Would they both be fed from the load side of the 400amp disconnect?


----------



## Cletis (Aug 20, 2010)

Spartan98 said:


> Would they both be fed from the load side of the 400amp disconnect?


Yeah, then interlock busses


----------



## Spartan98 (Nov 25, 2012)

The ganged meter sockets interlock... Do you recommend a certain one?


----------



## Cletis (Aug 20, 2010)

Spartan98 said:


> The ganged meter sockets interlock... Do you recommend a certain one?


Yes, siemans has good one. I postedlink other day on this??


----------



## Spartan98 (Nov 25, 2012)

Cletis said:


> Yes, siemans has good one. I postedlink other day on this??

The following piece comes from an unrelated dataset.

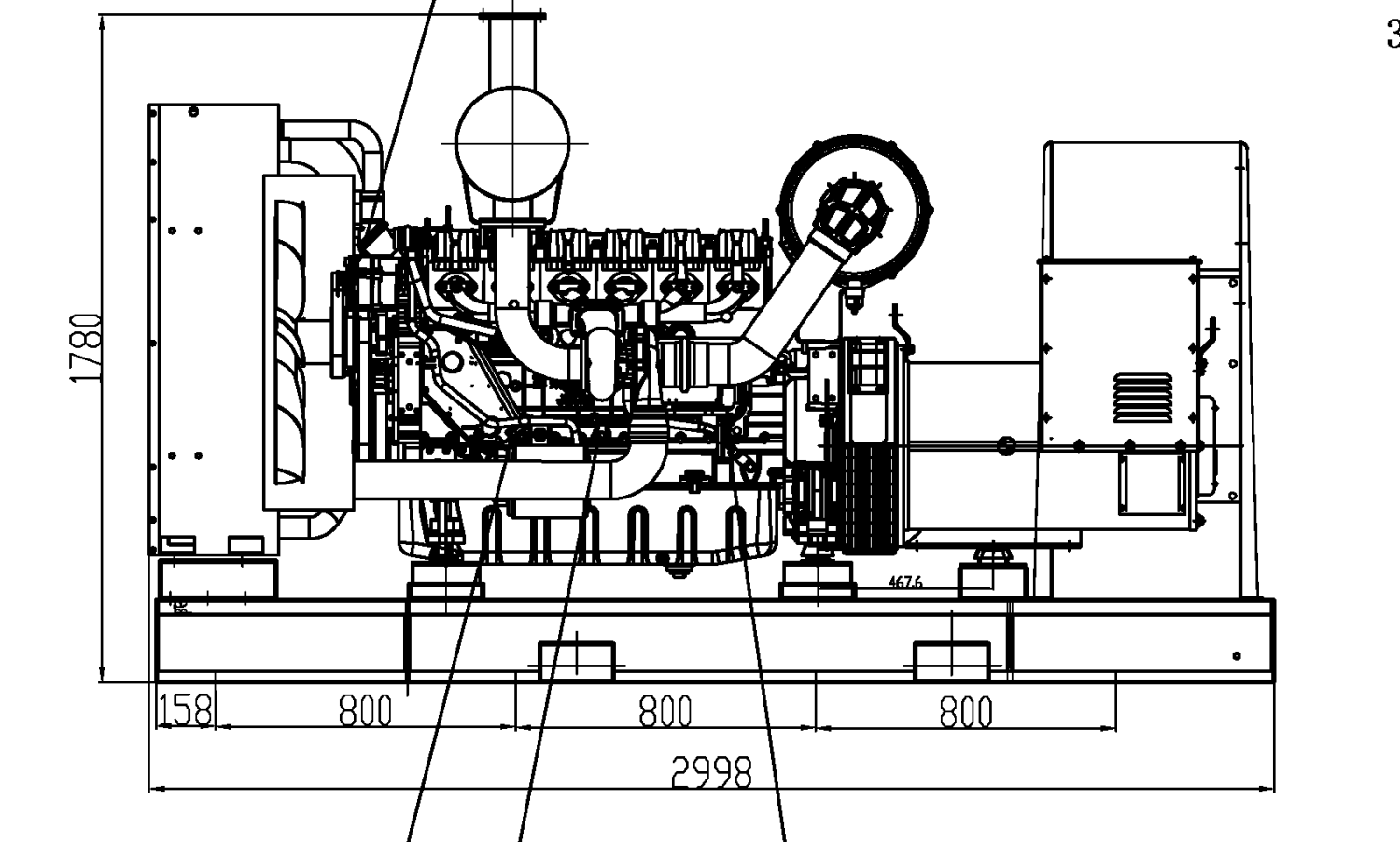 Weichai WPG220 B8 - ДЭС 160 кВт  за 2&nbsp;074&nbsp;787 рублей | Дизельная электростанция в Техэкспо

Yeah i saw it thanks I just didn't see anything about interlocking of the buses..


----------



## TOOL_5150 (Aug 27, 2007)

theres meter stacks that you can just gang on... just bolt the busses together and youre done.


----------



## Spartan98 (Nov 25, 2012)

TOOL_5150 said:


> theres meter stacks that you can just gang on... just bolt the busses together and youre done.


They all accommodate adding on additional meters


----------



## TOOL_5150 (Aug 27, 2007)

Spartan98 said:


> They all accommodate adding on additional meters


not all, a 2 gang meter pack is just that... two.


----------



## Spartan98 (Nov 25, 2012)

TOOL_5150 said:


> not all, a 2 gang meter pack is just that... two.


So if I have to do 7 I would go with a 4 and a three?


----------



## TOOL_5150 (Aug 27, 2007)

Spartan98 said:


> So if I have to do 7 I would go with a 4 and a three?


id use a square d EZ Meter-Pak with a bank of 4 and a bank of 3.


----------